The Consolidation remains subject to approval by the Canadian Securities Exchange.


 Disclosure Guidance & Transparency Rules:


There are no Common Shares held in treasury and therefore the total number of voting rights in the Company is 16,426,953,124.  Until the Consoldiation is effected on 1 October 2021, this figure may be used by shareholders in the Company as the denominator for the calculations by which they will determine if they are required to notify their interest in, or a change to their interest in, the share capital of the Company under the Financial Conduct Authority's Disclosure Guidance and Transparency Rules.


About the Company:

COPL is an international oil and gas exploration, development and production company actively pursuing opportunities in the United States with operations in Converse County Wyoming, and in sub-Saharan Africa through its ShoreCan joint venture company in Nigeria, and independently in other countries.


For further information, please contact:


Mr. Arthur Millholland, President & CEO

Mr. Ryan Gaffney, CFO

Canadian Overseas Petroleum Limited

Tel: + 1 (403) 262 5441


Cathy Hume

CHF Investor Relations

Tel: +1 (416) 868 1079 ext. 251



Charles Goodwin

Yellow Jersey PR Limited

Tel: +44 (0) 77 4778 8221



Peter Krens

Equity Capital Markets, Tennyson Securities

Tel: +44 (0) 20 7186 9033




The Common Shares are listed under the symbol "XOP" on the CSE and under the symbol "COPL" on the London Stock Exchange.

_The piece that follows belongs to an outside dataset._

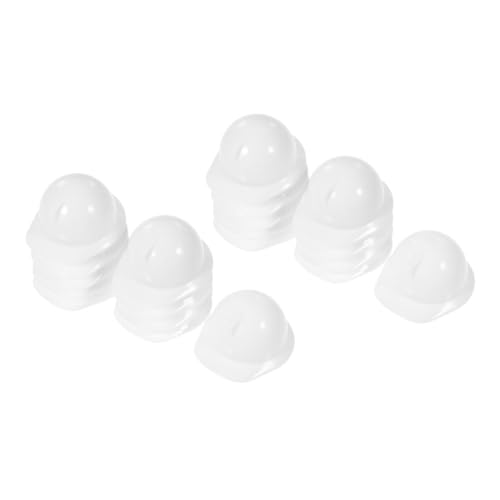 EPIGEIST 40 Stück Miniatur Bauhelme Sicherheitshelme für Puppen Party Dekoration Hochwertige Kunststoffmütze für Kreative Bastelideen für Mini Doll Zubehör und Dress Up von EPIGEIST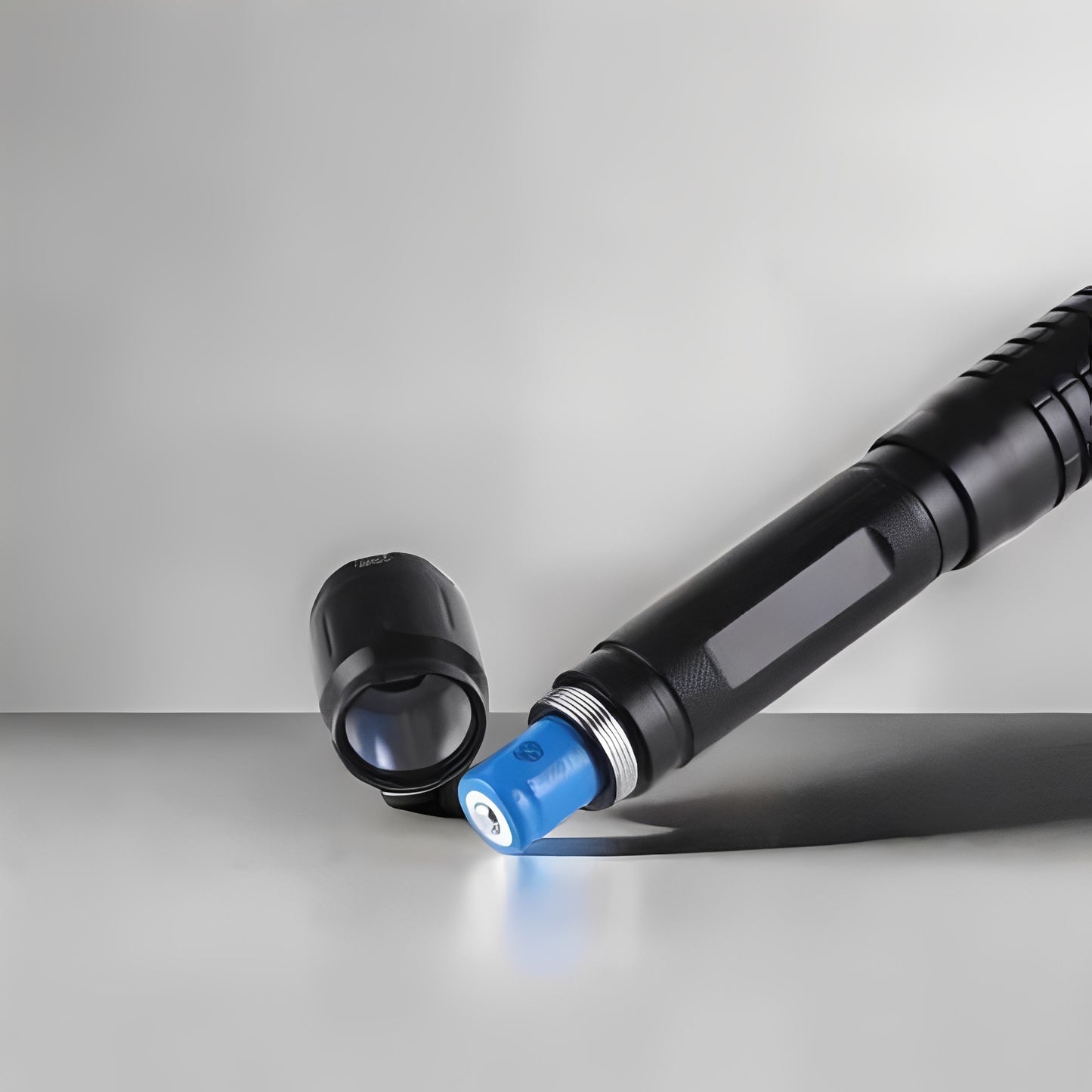Adjustable Focus Beam Torch with Rechargeable Battery System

This news release contains forward-looking statements. The use of any of the words "initial, "scheduled", "can", "will", "prior to", "estimate", "anticipate", "believe", "should", "forecast", "future", "continue", "may", "expect", and similar expressions are intended to identify forward-looking statements. Forward-looking information in this press release includes, without limitation, statements relating to the timing, terms and completion of the Consolidation, including the ratio of pre-Consolidation Common Shares to post-Consolidation Common Shares that will be effected, non-issuance of fractional shares, contents and delivery of the letter of transmittal following completion of the Consolidation, and the CUSIP and ISIN of Common Shares following the completion of the Consolidation; and timing for the commencement of trading on the CSE following the completion of the Consolidation. Although the Company believes that the expectations and assumptions on which the forward-looking statements are based are reasonable, undue reliance should not be placed on the forward-looking statements since the Company can give no assurance that they will prove to be correct since forward-looking statements address future events and conditions, by their very nature they involve inherent risks and uncertainties most of which are beyond the control of Canadian Overseas Petroleum Ltd.  Forward-looking statements contained in this news release are made as of the date hereof and Canadian Overseas Petroleum undertakes no obligation to update publicly or revise any forward-looking statements or information, whether as a result of new information, future events or otherwise, unless so required by applicable securities laws.